Phil, please tell me you saw MODERN ROMANCE and LOST IN AMERICA before deciding Brooks isn't funny. I'd still disagree with you, but at least I'd know you made a real effort.


"The presence of Albert Brooks is only a plus because I liked him in Out Of Sight; I don't find him funny at all."


Glenn Kenny

I.B.: Fair enough. It's not just the hype itself but the thinking, such as it is, that informs it; the self-congratulation of the droolers who "get" all of the film's various references, as if their ability to parse each aspect of the film's pastiche elements is sufficient to prove the film's greatness. I also thought it was pretty funny to see critics who, having missed about a third of the content of "Tree of Life," pronounced the Malick film pretentious, and then fell over each other dribbling over a movie that portentuosly and uselessly rehashes "Scorpion and Frog," for God's sake.


Oh please tell me "Scorpion and Frog" doesn't REALLY get rehashed in DRIVE.


"You're not going to rehash 'Scorpion and Frog' in your movie, are you? Because I won't like that, I'll suffer, and when my review savages it for rehashing 'Scorpion and Frog', your movie will suffer, so we'll both suffer."

"I promise you, I won't rehash 'Scorpion and Frog' in my movie."


"ARRGGGHHHH!!!!! Why did you rehash 'Scorpion and Frog' in your movie?!"

"It's my nature."

Jack Laughing

I haven't really developed an opinion on Refn yet because I've only seen Bronson, which was alright, but what has Neil Marshall done that makes him worthy of mention? Other than ripping off every film he's ever liked and slapping some blood and gore in to make it his own, the guy's a fanboy-wanking genre hack. Glad he found his niche, but...


I'm holding out for Refn's remake of LOGAN'S RUN with Gosling. Although if the goal was remaking a Michael Anderson film, QUILLER MEMORANDUM would get my vote.

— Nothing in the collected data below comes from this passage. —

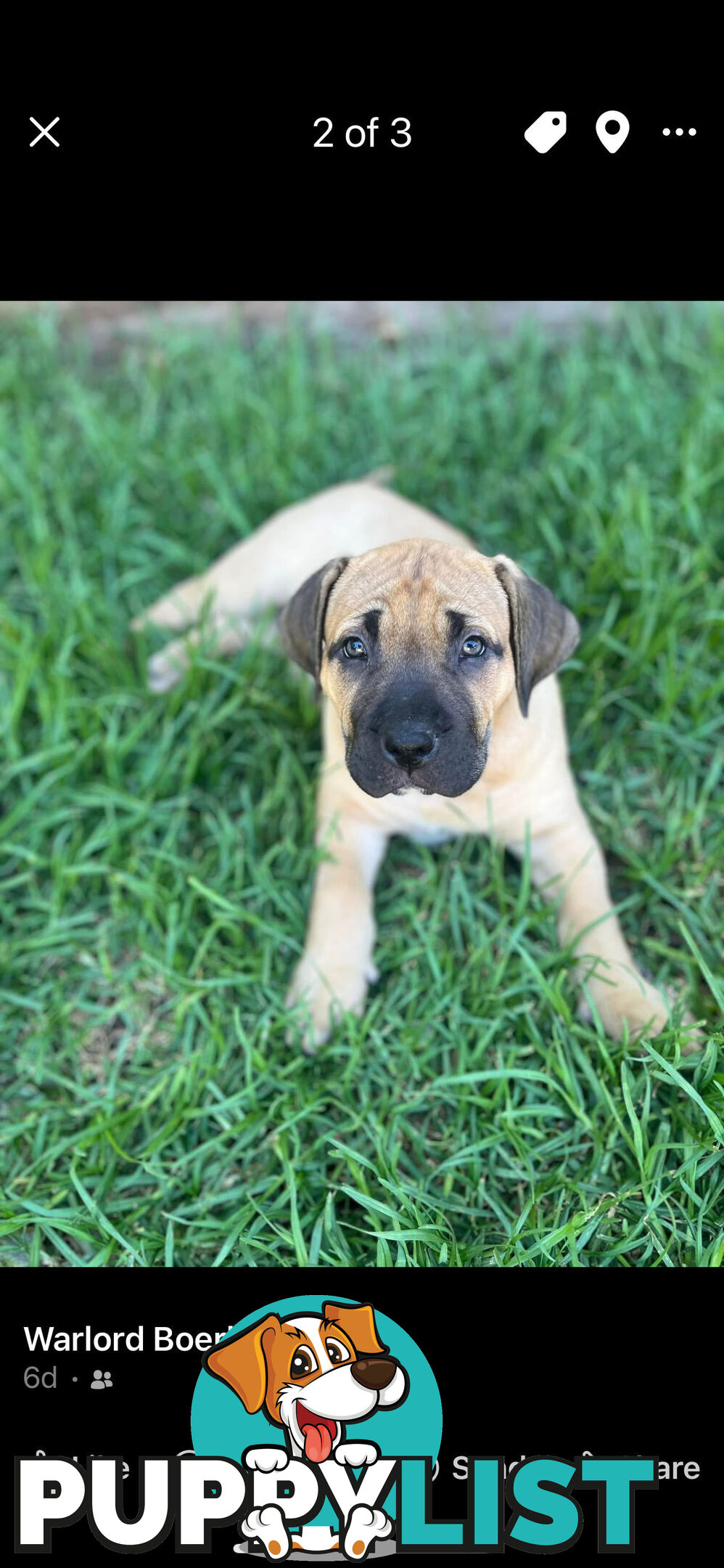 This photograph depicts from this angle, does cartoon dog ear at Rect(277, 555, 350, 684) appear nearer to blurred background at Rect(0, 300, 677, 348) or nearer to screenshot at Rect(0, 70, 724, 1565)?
screenshot at Rect(0, 70, 724, 1565)

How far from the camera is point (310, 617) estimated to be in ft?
11.2

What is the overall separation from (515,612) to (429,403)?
Answer: 110 inches

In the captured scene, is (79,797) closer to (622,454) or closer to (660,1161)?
(660,1161)

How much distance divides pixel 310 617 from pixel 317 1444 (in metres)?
2.21

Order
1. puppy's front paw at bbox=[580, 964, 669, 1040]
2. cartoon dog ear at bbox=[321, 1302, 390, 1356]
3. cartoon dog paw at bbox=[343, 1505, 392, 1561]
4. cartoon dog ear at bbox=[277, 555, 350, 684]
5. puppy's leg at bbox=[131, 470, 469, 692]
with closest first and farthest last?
cartoon dog paw at bbox=[343, 1505, 392, 1561] → cartoon dog ear at bbox=[321, 1302, 390, 1356] → cartoon dog ear at bbox=[277, 555, 350, 684] → puppy's front paw at bbox=[580, 964, 669, 1040] → puppy's leg at bbox=[131, 470, 469, 692]

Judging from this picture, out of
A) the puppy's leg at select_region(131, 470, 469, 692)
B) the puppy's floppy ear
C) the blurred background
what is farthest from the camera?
the blurred background

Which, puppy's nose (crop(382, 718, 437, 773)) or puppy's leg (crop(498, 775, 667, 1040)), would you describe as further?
puppy's leg (crop(498, 775, 667, 1040))

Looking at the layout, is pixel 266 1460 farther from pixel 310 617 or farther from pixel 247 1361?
pixel 310 617

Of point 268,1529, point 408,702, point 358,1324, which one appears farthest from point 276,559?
point 268,1529

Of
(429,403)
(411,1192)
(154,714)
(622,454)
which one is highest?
(429,403)

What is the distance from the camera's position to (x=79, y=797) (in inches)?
175

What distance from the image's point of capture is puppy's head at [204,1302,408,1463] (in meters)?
2.87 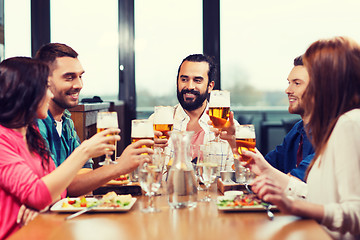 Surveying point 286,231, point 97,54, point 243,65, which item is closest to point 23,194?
point 286,231

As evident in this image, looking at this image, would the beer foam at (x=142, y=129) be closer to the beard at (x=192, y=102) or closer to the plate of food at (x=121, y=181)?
the plate of food at (x=121, y=181)

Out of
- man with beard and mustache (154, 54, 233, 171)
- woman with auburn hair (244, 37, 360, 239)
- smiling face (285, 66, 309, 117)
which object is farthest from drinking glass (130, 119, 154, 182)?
man with beard and mustache (154, 54, 233, 171)

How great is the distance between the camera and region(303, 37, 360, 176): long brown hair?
1502mm

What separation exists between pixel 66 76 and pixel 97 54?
2551 millimetres

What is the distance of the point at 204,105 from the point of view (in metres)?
3.40

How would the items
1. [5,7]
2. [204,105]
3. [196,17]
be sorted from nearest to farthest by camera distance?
[204,105] < [5,7] < [196,17]

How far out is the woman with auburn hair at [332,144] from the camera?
140cm

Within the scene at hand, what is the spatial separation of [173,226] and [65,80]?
1.64m

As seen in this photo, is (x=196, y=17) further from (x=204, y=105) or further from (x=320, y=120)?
(x=320, y=120)

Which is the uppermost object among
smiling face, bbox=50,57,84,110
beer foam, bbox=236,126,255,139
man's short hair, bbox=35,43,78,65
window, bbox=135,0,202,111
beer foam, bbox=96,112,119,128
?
window, bbox=135,0,202,111

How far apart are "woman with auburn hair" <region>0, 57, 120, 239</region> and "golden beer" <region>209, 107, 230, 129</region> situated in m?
0.62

I try to get outside myself a lot more when I watch a film like DRIVE, which is difficult since it pretty much pushes all of my buttons. I adored it, the thing set my little head on fire. But I agree with you, Glenn, that it's been somewhat overhyped. I don't really think it takes many significant steps beyond THE DRIVER, but on the other hand I was quite taken with the introduction of the almost primal romantic motivation for Gosling. Those emotional stakes, that fullness of feeling, that's something that I personally don't often find in films like THE DRIVER or LE SAMOURAI, which tend to work in terms of icy professionalism (this is by no means a shot at Hill or Melville). In DRIVE, this element does suffer from the somewhat rote characterization of Mulligan's character, but without going into spoilers I can't really discuss what mitigated that flaw for me.

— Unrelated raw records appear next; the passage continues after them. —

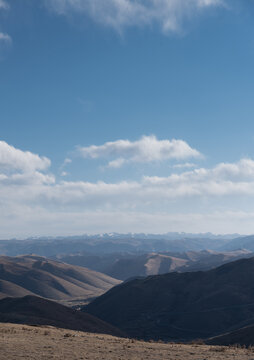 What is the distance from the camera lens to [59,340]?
84.7ft

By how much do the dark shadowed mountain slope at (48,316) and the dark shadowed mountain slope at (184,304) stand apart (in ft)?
60.7

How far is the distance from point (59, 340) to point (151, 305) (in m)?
78.9

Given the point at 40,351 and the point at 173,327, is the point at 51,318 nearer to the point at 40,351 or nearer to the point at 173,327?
the point at 173,327

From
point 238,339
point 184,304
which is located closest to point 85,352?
point 238,339

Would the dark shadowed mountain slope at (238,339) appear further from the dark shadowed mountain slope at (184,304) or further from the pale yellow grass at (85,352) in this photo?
the dark shadowed mountain slope at (184,304)

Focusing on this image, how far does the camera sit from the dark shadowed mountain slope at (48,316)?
51.8m

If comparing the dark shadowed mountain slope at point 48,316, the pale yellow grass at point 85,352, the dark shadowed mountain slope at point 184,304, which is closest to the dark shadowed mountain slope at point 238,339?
the dark shadowed mountain slope at point 48,316

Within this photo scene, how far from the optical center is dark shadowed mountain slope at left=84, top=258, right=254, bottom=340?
259 ft

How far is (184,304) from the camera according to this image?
98125 millimetres

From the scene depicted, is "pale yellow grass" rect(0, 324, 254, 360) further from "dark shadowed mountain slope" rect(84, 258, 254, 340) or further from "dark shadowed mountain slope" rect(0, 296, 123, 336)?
"dark shadowed mountain slope" rect(84, 258, 254, 340)

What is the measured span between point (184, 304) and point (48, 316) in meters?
49.9

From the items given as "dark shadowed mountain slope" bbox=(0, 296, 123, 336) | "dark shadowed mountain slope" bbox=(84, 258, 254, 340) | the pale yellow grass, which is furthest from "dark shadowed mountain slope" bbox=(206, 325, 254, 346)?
"dark shadowed mountain slope" bbox=(84, 258, 254, 340)

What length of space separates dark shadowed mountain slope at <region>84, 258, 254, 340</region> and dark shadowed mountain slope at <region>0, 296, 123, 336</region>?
1850cm

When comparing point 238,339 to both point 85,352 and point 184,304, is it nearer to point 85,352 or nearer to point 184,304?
point 85,352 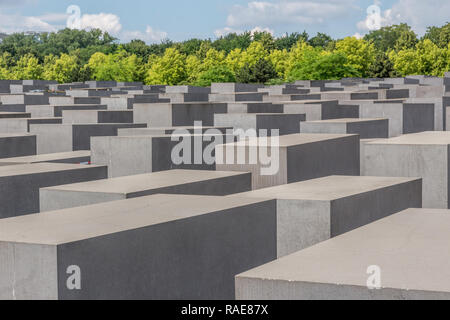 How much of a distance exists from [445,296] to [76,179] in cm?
887

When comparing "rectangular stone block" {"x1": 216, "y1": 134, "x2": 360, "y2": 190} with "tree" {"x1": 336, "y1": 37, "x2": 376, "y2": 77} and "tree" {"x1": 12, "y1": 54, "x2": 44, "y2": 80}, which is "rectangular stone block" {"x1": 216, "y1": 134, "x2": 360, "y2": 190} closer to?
"tree" {"x1": 336, "y1": 37, "x2": 376, "y2": 77}

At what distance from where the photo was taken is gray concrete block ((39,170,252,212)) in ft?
32.8

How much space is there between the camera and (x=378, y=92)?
3125cm

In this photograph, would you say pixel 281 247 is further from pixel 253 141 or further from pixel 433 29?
pixel 433 29

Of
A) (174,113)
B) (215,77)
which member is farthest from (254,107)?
(215,77)

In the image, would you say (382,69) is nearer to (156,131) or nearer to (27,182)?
(156,131)

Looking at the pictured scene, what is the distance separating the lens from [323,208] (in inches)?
358

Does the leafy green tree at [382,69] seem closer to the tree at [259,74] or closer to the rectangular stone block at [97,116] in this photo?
the tree at [259,74]

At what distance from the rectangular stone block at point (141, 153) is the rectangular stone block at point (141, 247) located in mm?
5134

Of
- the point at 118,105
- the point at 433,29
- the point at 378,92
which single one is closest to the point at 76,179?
the point at 118,105

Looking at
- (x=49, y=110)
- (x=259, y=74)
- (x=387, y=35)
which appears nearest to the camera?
(x=49, y=110)

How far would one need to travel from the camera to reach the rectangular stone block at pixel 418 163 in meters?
13.3

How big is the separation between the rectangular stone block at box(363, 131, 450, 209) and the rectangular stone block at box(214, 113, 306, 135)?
18.4 ft

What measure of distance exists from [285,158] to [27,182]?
427 cm
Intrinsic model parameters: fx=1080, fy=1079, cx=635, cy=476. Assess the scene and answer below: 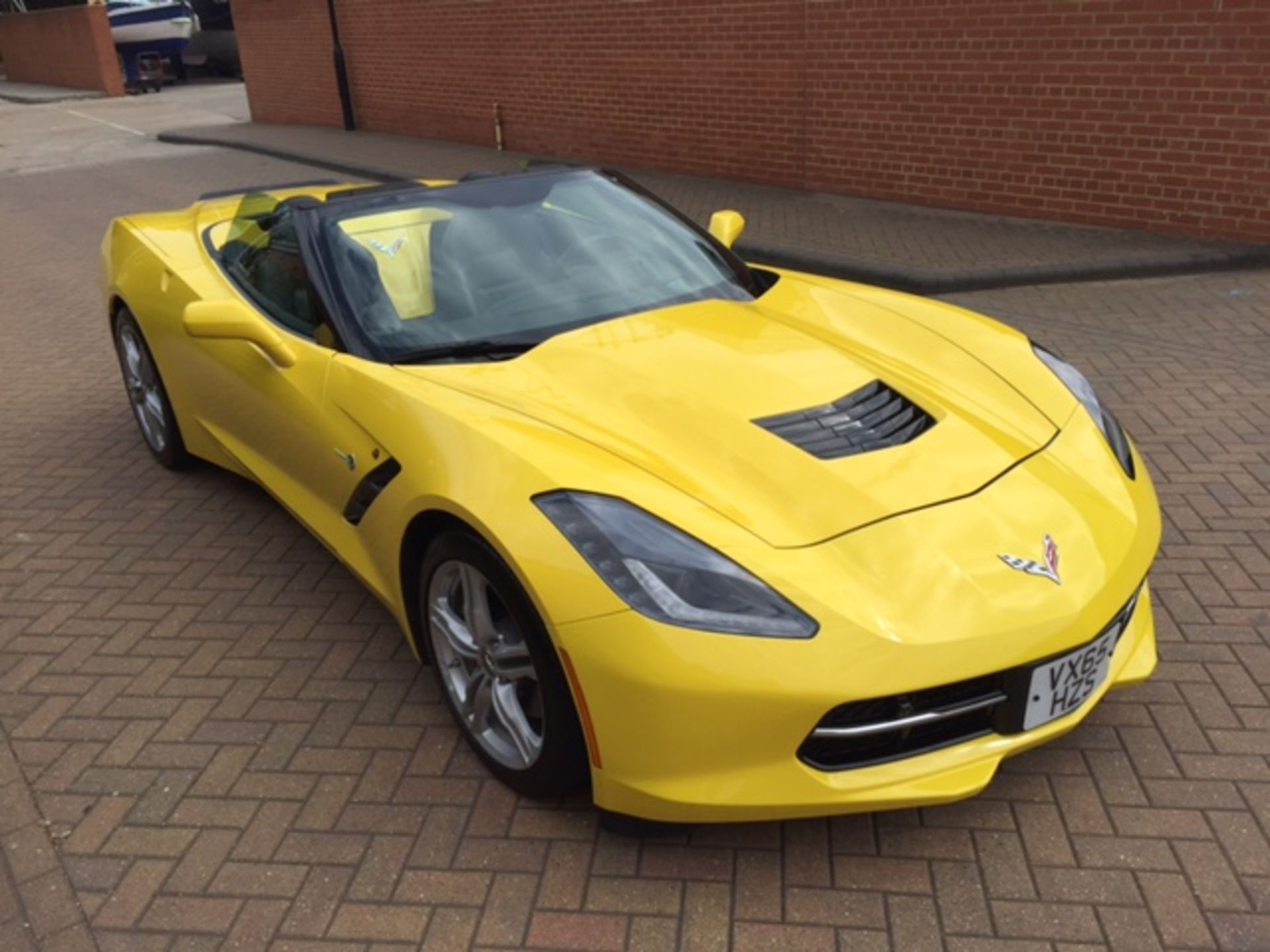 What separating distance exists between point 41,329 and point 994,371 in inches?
257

A friend of mine recently started getting into Michael Mann, partly at my insistence, and he told me that after loving THIEF, he found THE DRIVER coming up short, that it was too pretentious. I'm not sure he's wrong, but I'm also not sure that it bothers me. I think both DRIVE and THE DRIVER are after the sort of broad mythmaking gestures you might find in, say, THE ROAD WARRIOR, and that the stuff that seems pretentious is simply sincere enthusiasm.

I'm also not sure I'm making any sense. Sorry for all that rambling.

Jonathan Rosenbaum

I may be all alone on this one, but I found DRIVE thoroughly offensive and disgusting, and it made me reflect afterwards that Albert Brooks must be desperate for money, what with a family to support and all. (Too bad you can't outsource acting--or can you?) Maybe it's my old age, but as the years pass, I find the most repellent violence in movies to be the kind that pretends (or even half-pretends) to be moralistic and "sensitive"--maybe in part because it reminds me too much of our foreign occupations. In any case, now that I'm no longer a reviewer, I felt in retrospect that I was a fool for going to see this.

Brian Dauth

Jonathan: I do not think your reaction has anything to do with old age. You have always been alert to how violence appears on screen and is perceived/appreciated by audiences (your review of THE GODFATHER PART III is still one of the rare critiques I know that begins to do justice to this film). What is curious is how few filmmakers who incorporate violence in their aesthetic are able to progress to an increasingly nuanced engagement with it.